Closer to home, Connecticut haunted happenings include the following:
>>Graveyard Shift Ghost Tours at The Mark Twain House. Offered on Friday evenings in October, each hour-long tour explores dark chapters from the Clemens family’s history and Victorian traditions involving Spiritualism and death and visits area where people have had unexplained encounters with the paranormal. Recommended for ages 10 and up Reservations required: $20 for adults, $13 for children 16 and under. (recommended ages 10 and up). Information: www.marktwainhouse.org or 860-280-3130.
>>On Cedar Hill’s Haunted History Lantern Tour, Friday, Oct. 25, from 6 to 9:30 p.m., attendees visit the final resting places of some of Cedar Hill’s notable and not-so-notable residents. (Character actors share some true-yet-darker-tales.) Admission is $12 and reservations are required. Recommended for those 13 and older. Information: 860-956-3311.
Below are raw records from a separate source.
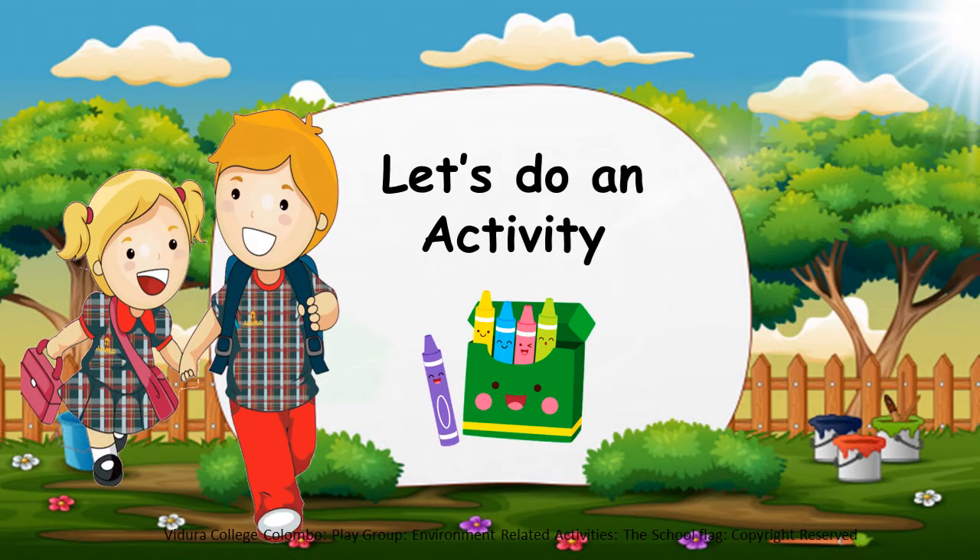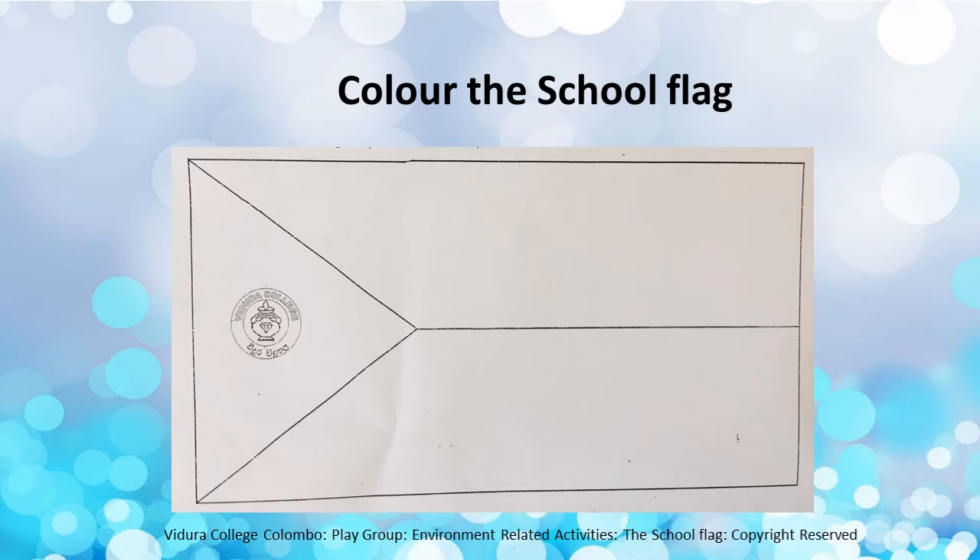Children, let's do an activity. Now you have to colour the school flag. First, you have to colour the upper part of the flag in dark blue. Then, you have to colour the latter part of the flag in light blue. Finally, you can colour the triangle-shaped area in silver.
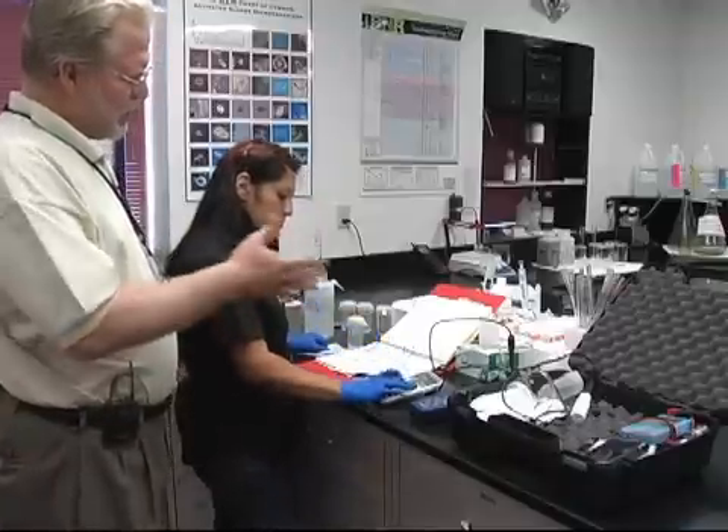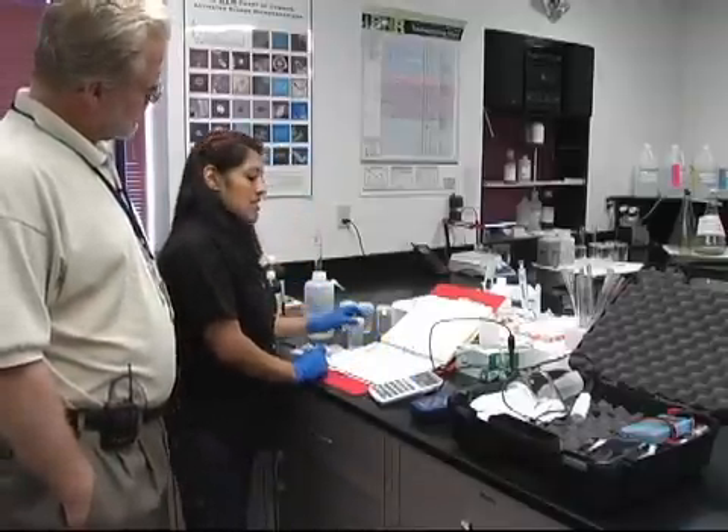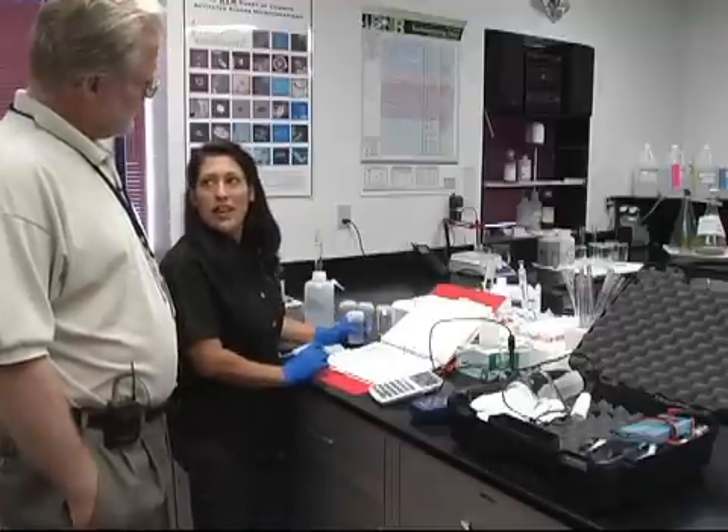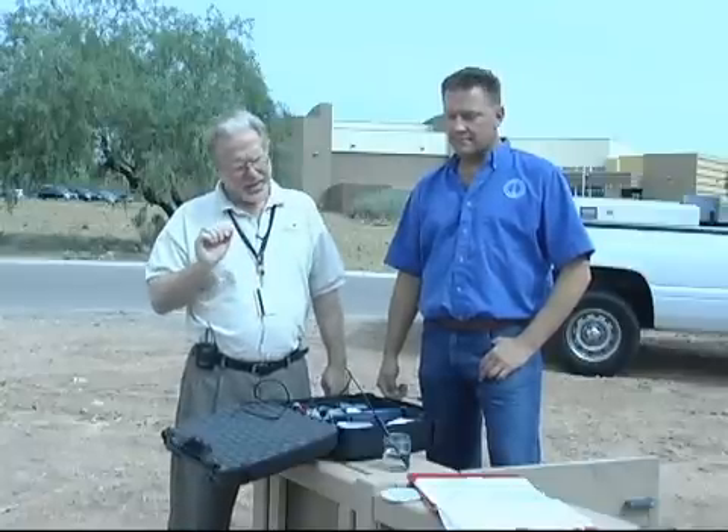And so are you ready to go now, as far as going out in the field? For conductivity, yes. I do need to calibrate for pH. So we're now going to go out into the field. We saw that Susannah did the calibration back in the laboratory, and now Jim is out in the field to do the actual sample.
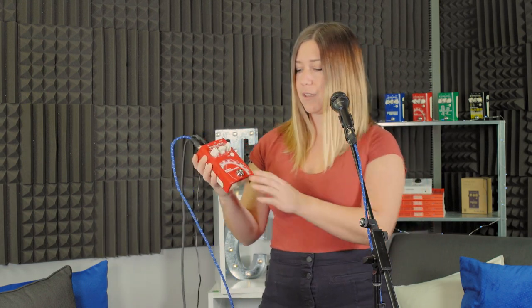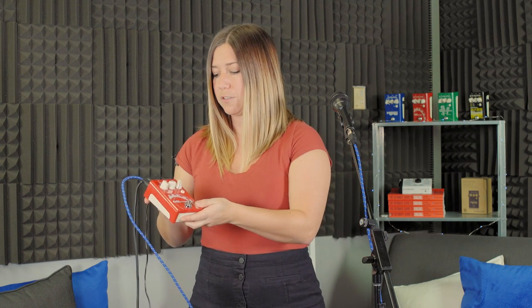So let me demo that for you here. When I turn it off — totally dry vocal. So with our update, all you have to do is go do that firmware update and come back.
>>Visit the Dark Walk Haunted Camp Tour and Haunted House in Andover and you’ll hop on a bus and “Head Off” to camp. The attraction was featured in “Haunted Attraction” and “ScareWorld” magazines. Tickets are $22 online and $25 at the door. Dates and information: www.darkwalk.net.
>>Nightmare On Wolcott St. in Waterbury is an 30-room haunted house featuring actors, strobe lights, fog and other special effects. Admission is $10. Information: www.nightmareonwolcottstreet.com.